Obama Getting Bad Military Advice

Jack Jacobs at MS-NBC wonders who Barack Obama has as his military advisers. Based on his answers at the debate, Jacobs suggests replacing them at the first opportunity. No one expects a presidential candidate to be an expert on ground combat, but at the very least candidates can hire a few:

But last week, during his debate with Clinton, Obama tried speaking about substance when he mentioned the conflicts in Iraq and Afghanistan, and he displayed an astounding ignorance of the military instrument. He said that an anonymous U.S. Army captain told him that his infantry platoon was split and sent to different areas of operations; that they were lacking vehicles; and that they had insufficient ammunition to fight.
Although problems do occur in combat situations to be sure, none of what Obama related makes any sense and is, according to people with whom I spoke, untrue. Units the size of platoons are not sent to separate theaters, ammunition has been plentiful, and an investigation indicates that the unit in question was missing only one of its Humvees, all to no peril of the unit. ….
Politicians rely heavily, on almost every subject, on advisors to get them educated and keep them current. And nobody really expects Obama or Clinton or even McCain, who was a Navy aviator, to know anything about ground combat. But one does expect the candidate to employ advisors who know what they are talking about and to prevent their candidate from embarrassment.
While Obama has attracted money, notoriety and delegates, he has yet to attract military advisers who know what they are doing.

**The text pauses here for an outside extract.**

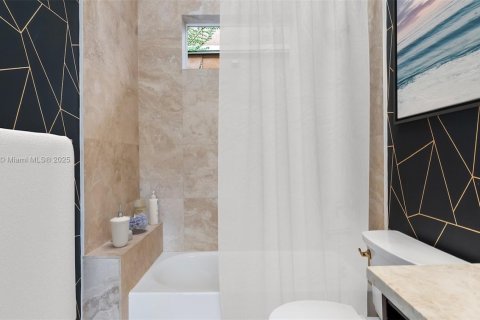 House in Dania Beach, Florida 4 bedrooms, 286.51 sq.m. № 1976257 - photo 14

It helps to understand the macro concepts as well. When Obama talked about our military “air raiding villages and civilians” in Afghanistan, he showed a remarkable disengagement from the actual events in a theater even he calls critical to the war on terror. The use of close air support in fighting Taliban attacks derailed their last spring offensive, and it helped kill some of their highest-ranking leaders.
Obviously, his advisers either haven’t improved since then, or they haven’t been replaced with people who know what they’re doing. Democrats can be forgiven for their continued support of Obama, however, because the alternative doesn’t appear to be much of an improvement. Hillary Clinton has shown the same kind of diffidence to military strategy and policy as Obama, even though she has better sense about making sweeping pronouncements on the subject.
John McCain should focus on this gap, and based on his rapid-fire engagement with Obama on al-Qaeda in Iraq yesterday, he looks ready to do so. McCain may have served as a naval aviator, but he has also served on the Armed Services Committee for years. He knows a platoon from a battalion, and he knows the structure, purpose, and strategy for the American military better than most of the people in and out of Washington. Wartime is not the moment for apprenticeship at the highest level of command, and McCain needs to remind America of that truth.